Outside the office of Leutlwetse Mmaulefe last Sunday, protesters chanted, “Mmaulefe, Mmaulefe, pay your dues! Mmaulefe, Mmaulefe, shame on you!” and they demanded more than $75,000 in back pay to the woman who cleaned his house and cared for his children for 17 months.

Keabetswe Letsididi is suing Ambassador Mmualefe in U.S. District Court here charging that she was paid nothing for her first nine months on the job and $250 a month during the rest of her tenure. She claimed in the action filed in June that she often worked more than 40 hours a week.

The U.S. Fair Labor Standards Act requires diplomatic employers to pay U.S. minimum wage of $5.15 an hour, minus a certain percentage for room and board.

The demonstrators also demanded a public apology from him for allegedly violating the Universal Declaration of Human Rights as well as state and federal labor laws.

Mmualefe did not return telephone calls seeking comment about the demonstration or the allegations.

Advocates Say Conditions in Diplomats’ Homes Should Be Monitored

Letsididi is one of at least 4,000 foreign domestic workers who are employed by thousands of diplomats throughout the United States. And their situation often is not very different from those of both legal and illegal immigrants working as household help for nondiplomats.

The majority of these workers enter with one of three visas: A-3 visas to work for ambassadors, diplomats, consular officers, public ministers, and their families; G-5 visas to work for officers and employees of international organizations or of foreign missions to international organizations and their families; and B-1 visas to accompany U.S. citizens who reside abroad but are visiting the United States.

Last month Human Rights Watch issued a report on abuse of immigrant workers, like Letsididi, traveling on special visas, entitled “Hidden in the Home: Abuse of Domestic Workers With Special Visas in the United States.”

Human Rights Watch Cites Range of ‘Horrible Violations’

Carol Pier, a researcher at Human Rights Watch, said the organization found that thousands of domestic workers, mostly women who enter the United States on these special visas, suffer a range of “horrible violations.”

“In the most egregious cases, victims of trafficking are lured into the U.S. with false expectations and end up in conditions of servitude,” Pier said. “More commonly, there is gross underpayment of wages, denial of health care, denial of freedom of movement, which means they can’t leave employers’ homes after work.”

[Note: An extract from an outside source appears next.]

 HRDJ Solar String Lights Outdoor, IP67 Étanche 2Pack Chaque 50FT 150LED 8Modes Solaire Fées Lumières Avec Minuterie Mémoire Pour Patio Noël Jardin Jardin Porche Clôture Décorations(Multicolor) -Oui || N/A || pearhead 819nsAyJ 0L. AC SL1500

In the cases Human Rights Watch reviewed, the median hourly wage was $2.14, including deductions for room and board. The median workday was 14 hours. In many cases, the workers also suffered in a climate of fear, intimidation, psychological and sexual abuse.

Employers often also use loss of immigration status as a threat.

At present, the visas issued to these household workers are linked to particular employers and, if they leave that position, they could be deported. Exceptions are made if the worker files criminal charges against the diplomat-employer. However, Letsididi’s allegations were made as part of a civil lawsuit, and therefore she is not protected by the law.

Pier believes Congress needs to amend immigration laws so that workers in abusive relationships have the right to change employers.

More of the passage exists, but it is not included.